Required work: Please copy all of the data that follows exactly, leaving any pictures out.

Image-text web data
··········

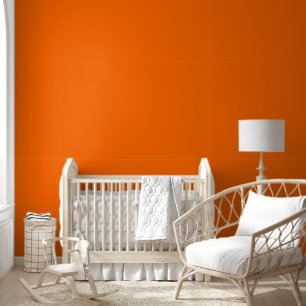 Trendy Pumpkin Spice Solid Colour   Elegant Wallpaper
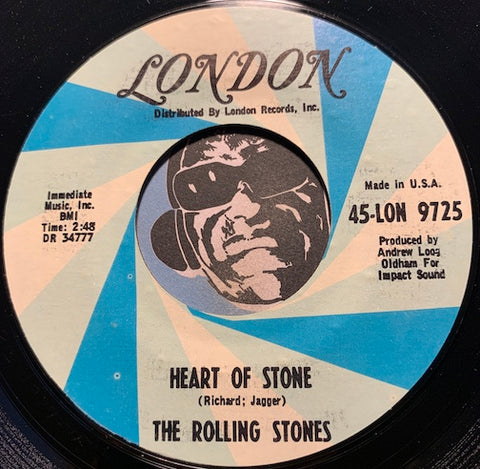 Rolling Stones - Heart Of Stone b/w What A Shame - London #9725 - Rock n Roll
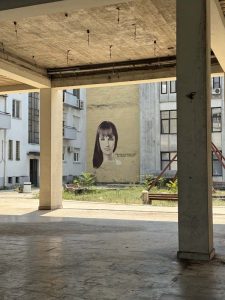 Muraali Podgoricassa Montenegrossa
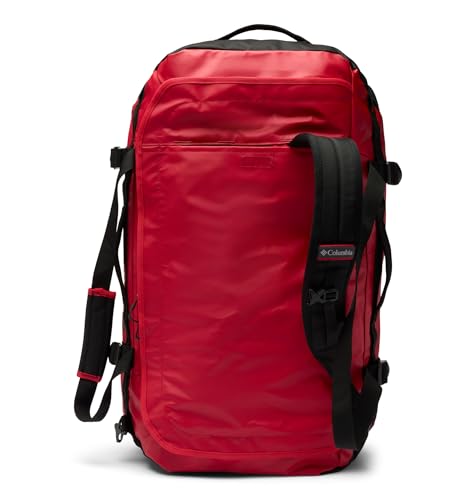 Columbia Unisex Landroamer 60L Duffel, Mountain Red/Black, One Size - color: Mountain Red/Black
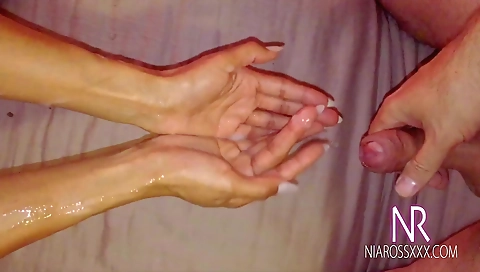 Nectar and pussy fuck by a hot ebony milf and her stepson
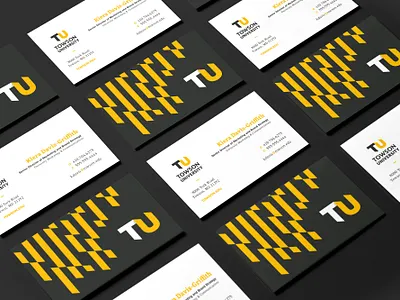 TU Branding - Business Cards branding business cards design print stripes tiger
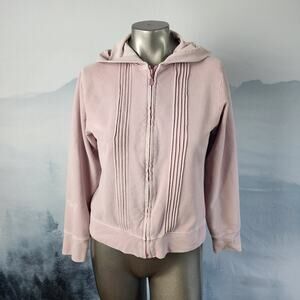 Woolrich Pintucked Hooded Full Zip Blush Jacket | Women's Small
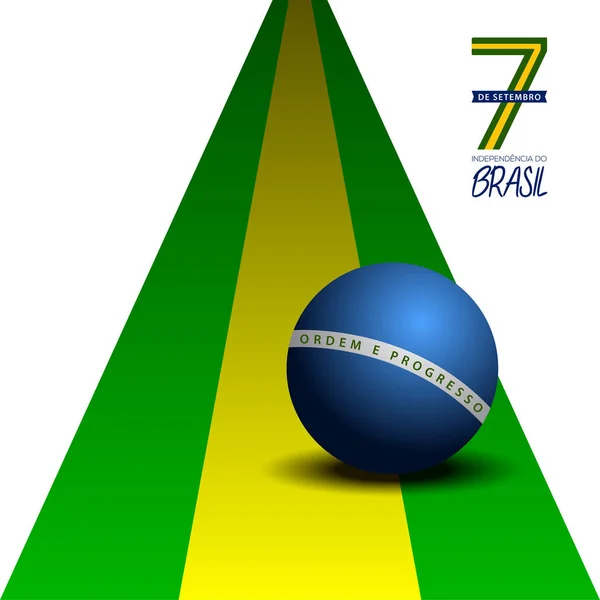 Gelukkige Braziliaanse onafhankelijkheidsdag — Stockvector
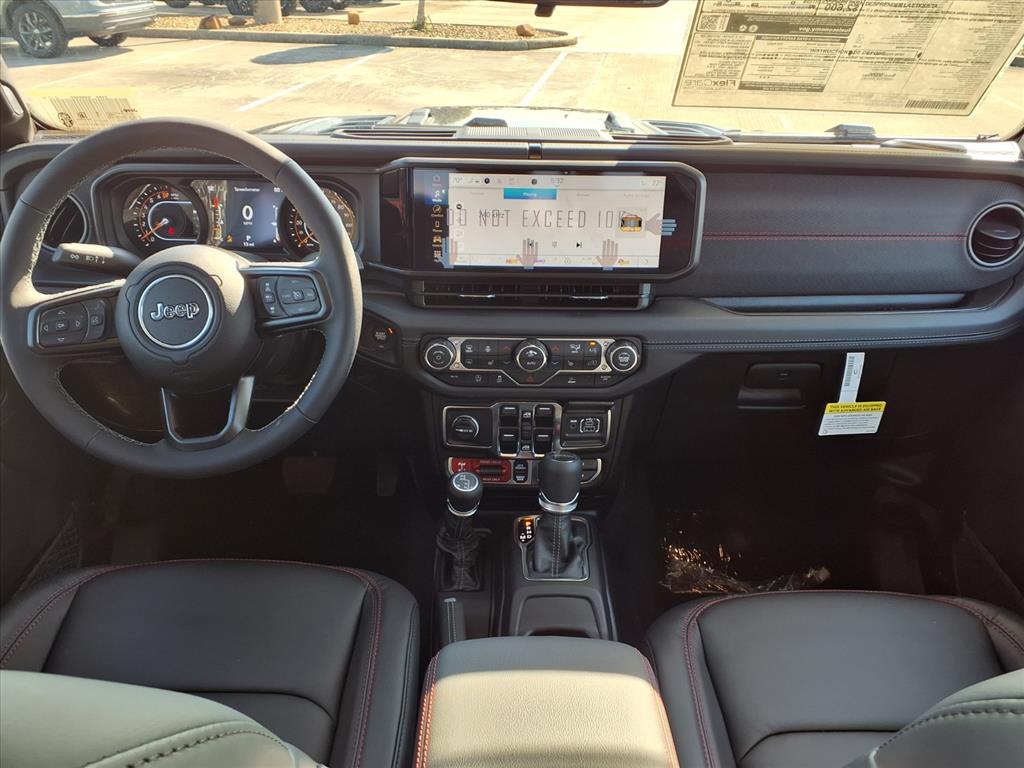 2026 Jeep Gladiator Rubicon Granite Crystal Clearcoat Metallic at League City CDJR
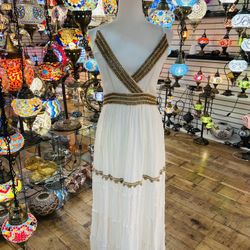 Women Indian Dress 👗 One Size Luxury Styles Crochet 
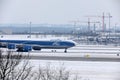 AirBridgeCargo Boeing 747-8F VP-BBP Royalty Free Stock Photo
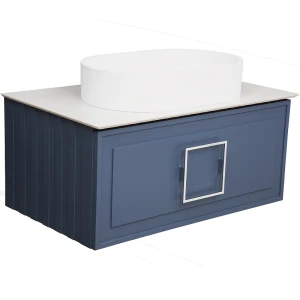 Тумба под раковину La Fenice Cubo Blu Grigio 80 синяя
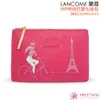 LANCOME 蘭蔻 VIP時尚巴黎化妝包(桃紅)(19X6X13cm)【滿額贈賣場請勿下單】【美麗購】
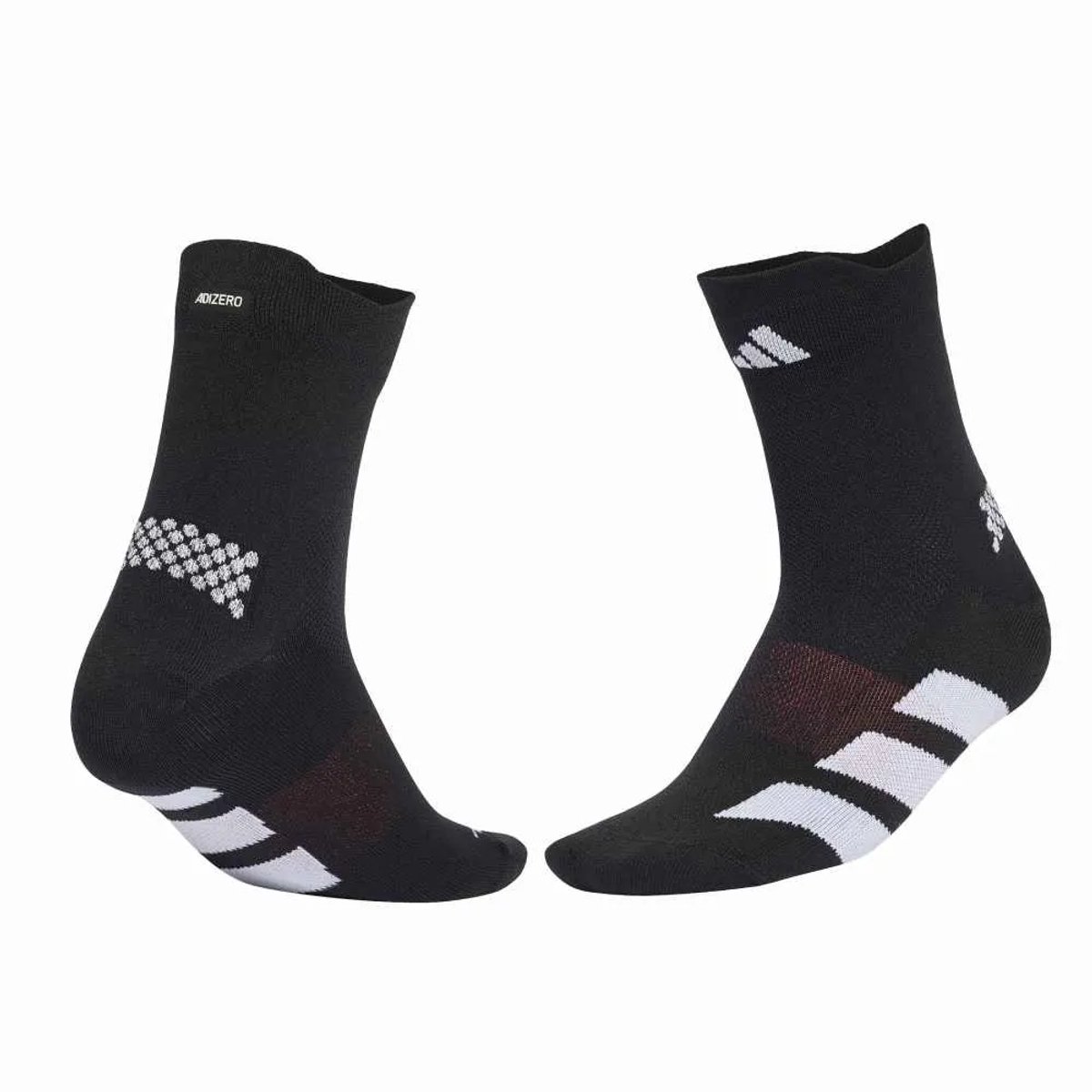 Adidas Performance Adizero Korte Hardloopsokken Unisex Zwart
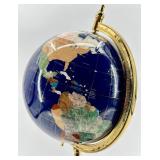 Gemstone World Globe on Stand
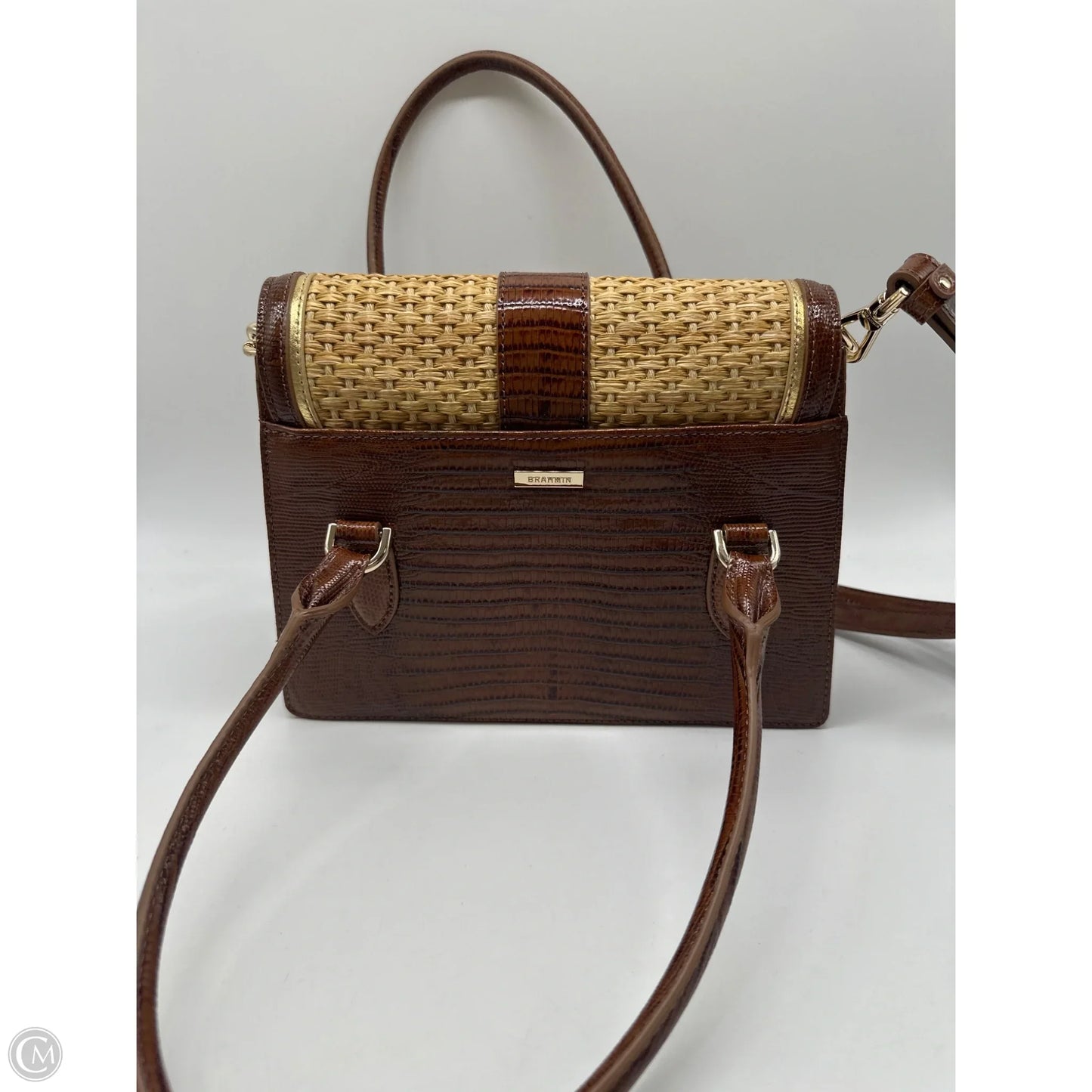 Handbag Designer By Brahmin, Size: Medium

··········

Task response:
 Trendy Pumpkin Spice Solid Colour   Elegant Wallpaper
 Rolling Stones - Heart Of Stone b/w What A Shame - London #9725 - Rock n Roll
 Muraali Podgoricassa Montenegrossa
 Columbia Unisex Landroamer 60L Duffel, Mountain Red/Black, One Size - color: Mountain Red/Black
 Nectar and pussy fuck by a hot ebony milf and her stepson
 TU Branding - Business Cards branding business cards design print stripes tiger
 Woolrich Pintucked Hooded Full Zip Blush Jacket | Women's Small
 Gelukkige Braziliaanse onafhankelijkheidsdag — Stockvector
 2026 Jeep Gladiator Rubicon Granite Crystal Clearcoat Metallic at League City CDJR
 Women Indian Dress 👗 One Size Luxury Styles Crochet 
 AirBridgeCargo Boeing 747-8F VP-BBP Royalty Free Stock Photo
 Тумба под раковину La Fenice Cubo Blu Grigio 80 синяя
 LANCOME 蘭蔻 VIP時尚巴黎化妝包(桃紅)(19X6X13cm)【滿額贈賣場請勿下單】【美麗購】
 Adidas Performance Adizero Korte Hardloopsokken Unisex Zwart
 Gemstone World Globe on Stand
 Handbag Designer By Brahmin, Size: Medium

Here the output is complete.